What the task requires
Omit the pictures and output every entry below exactly as written.

Exercise inputs
____

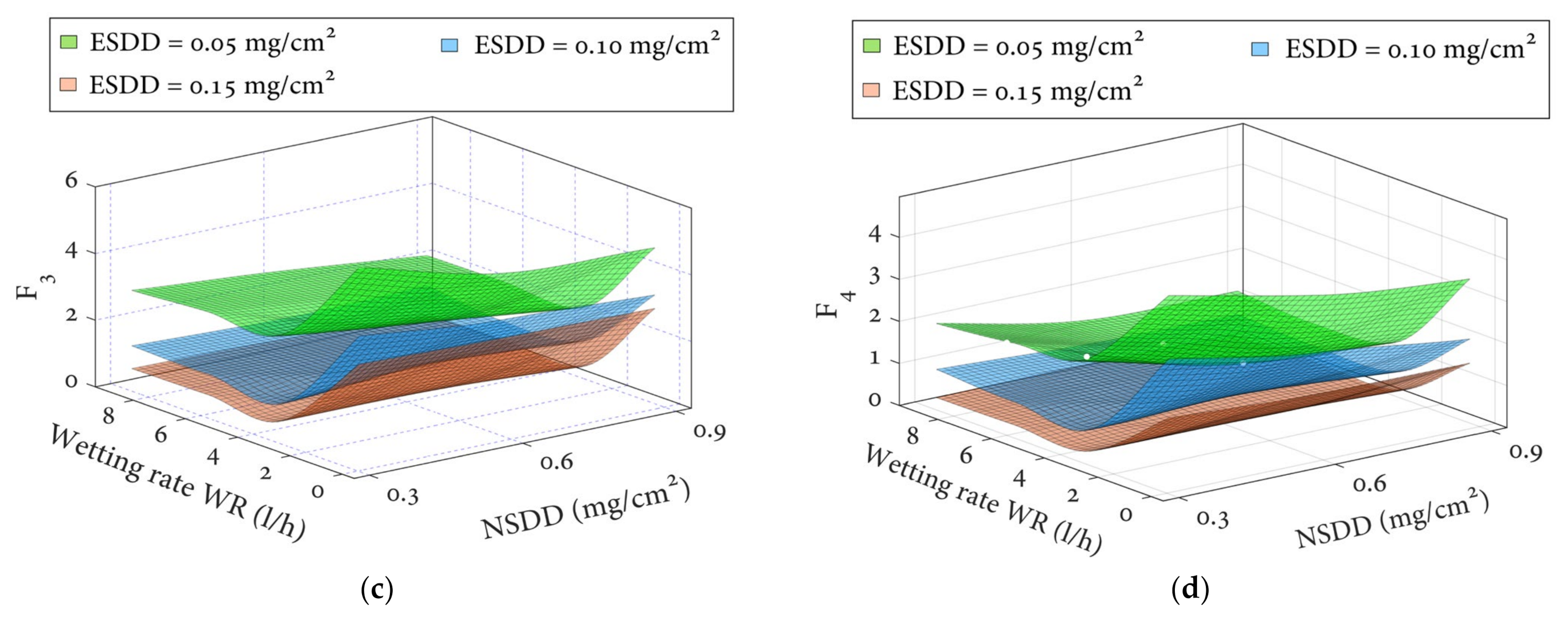 Polymers 14 00737 g008b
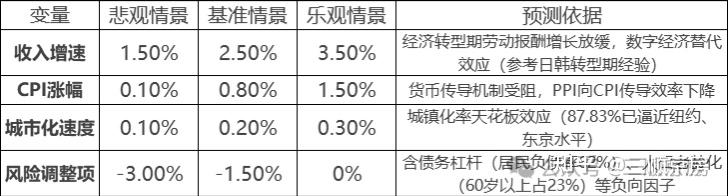 深度好文!北京房价未来走势 - 知乎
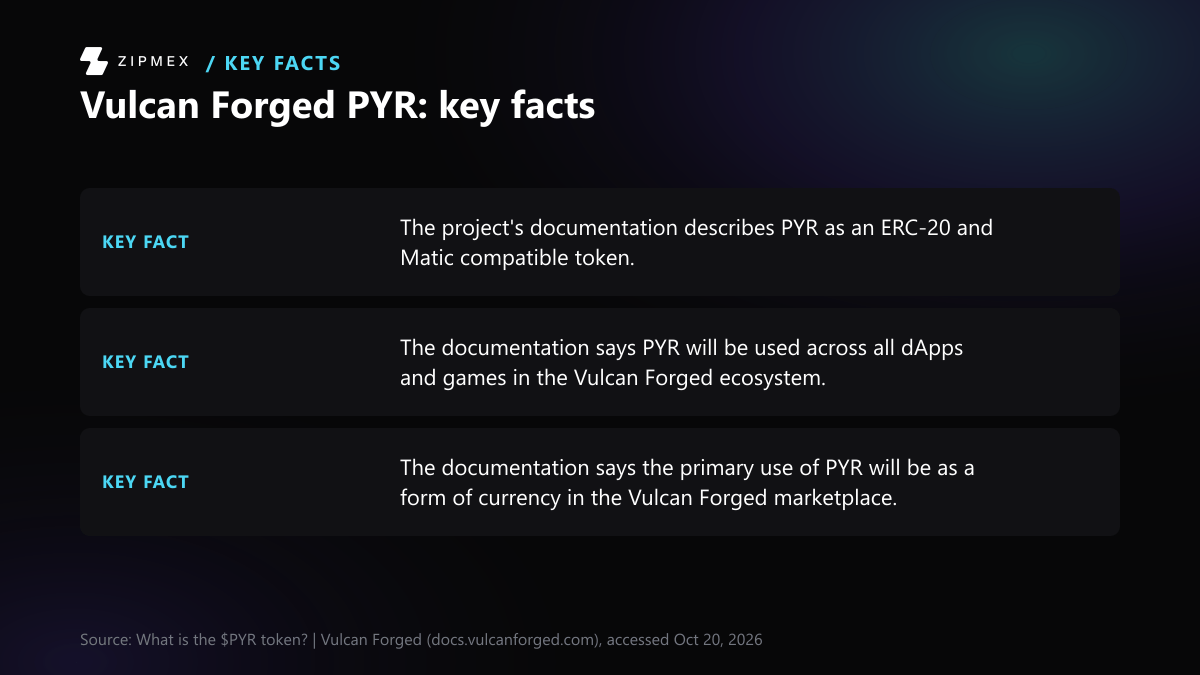 Key-facts card with 3 facts from docs.vulcanforged.com: The project's documentation describes PYR as an ERC-20 and Matic compatible…; The documentation says PYR will be used across all dApps and games in the…; The documentation says the primary use of PYR will be as a form of currency….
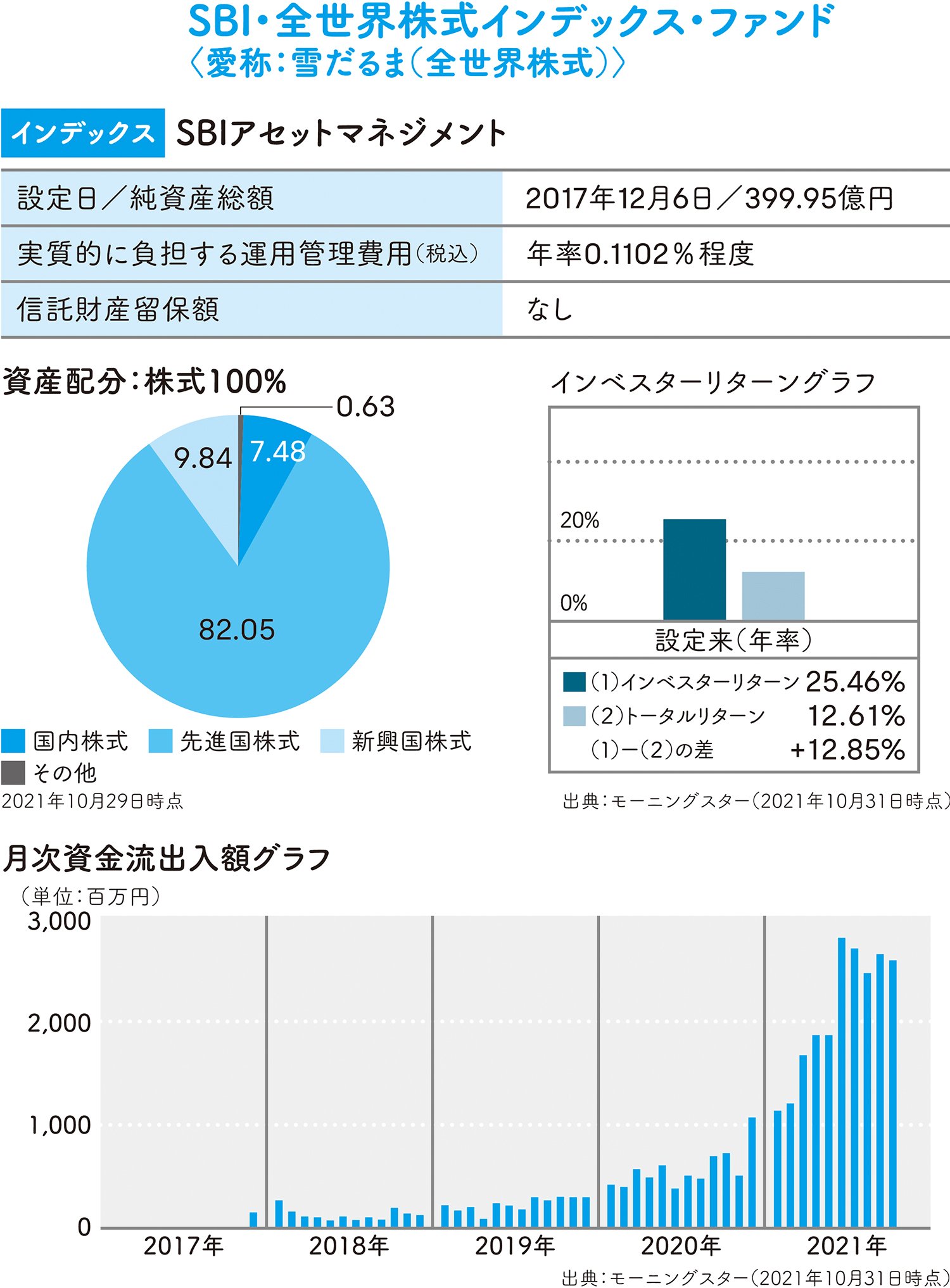 おすすめファンド5】米国株式市場を中心にしてグローバル運用を行うSBI 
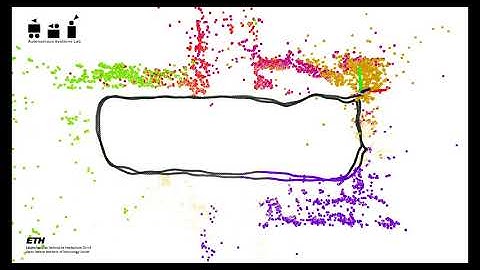 Keep it brief: Scalable creation of compressed localization maps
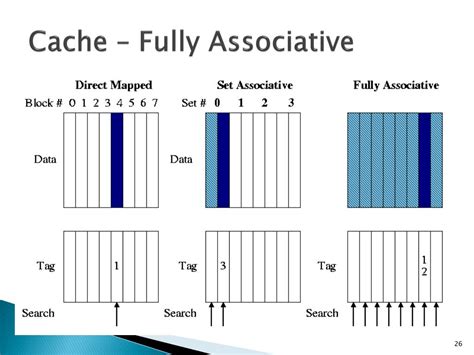 How to implement a set associative cache. java.  Use Cases: Fully associative caches are ty...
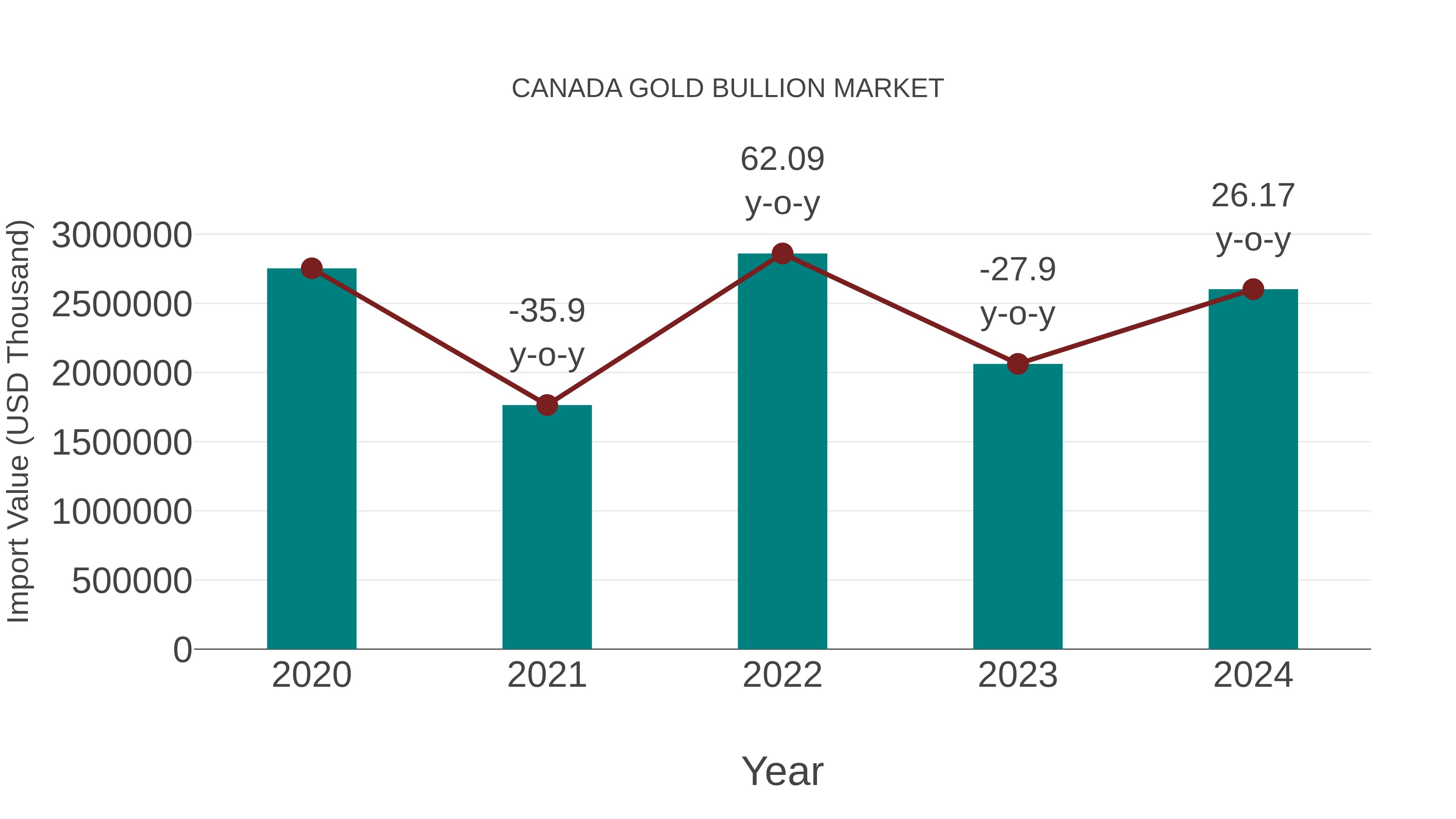  Canada Gold Bullion Market: Import Trend Analysis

____

Exercise solution
 Polymers 14 00737 g008b
 深度好文!北京房价未来走势 - 知乎
 Key-facts card with 3 facts from docs.vulcanforged.com: The project's documentation describes PYR as an ERC-20 and Matic compatible…; The documentation says PYR will be used across all dApps and games in the…; The documentation says the primary use of PYR will be as a form of currency….
 おすすめファンド5】米国株式市場を中心にしてグローバル運用を行うSBI 
 Keep it brief: Scalable creation of compressed localization maps
 How to implement a set associative cache. java.  Use Cases: Fully associative caches are ty...
  Canada Gold Bullion Market: Import Trend Analysis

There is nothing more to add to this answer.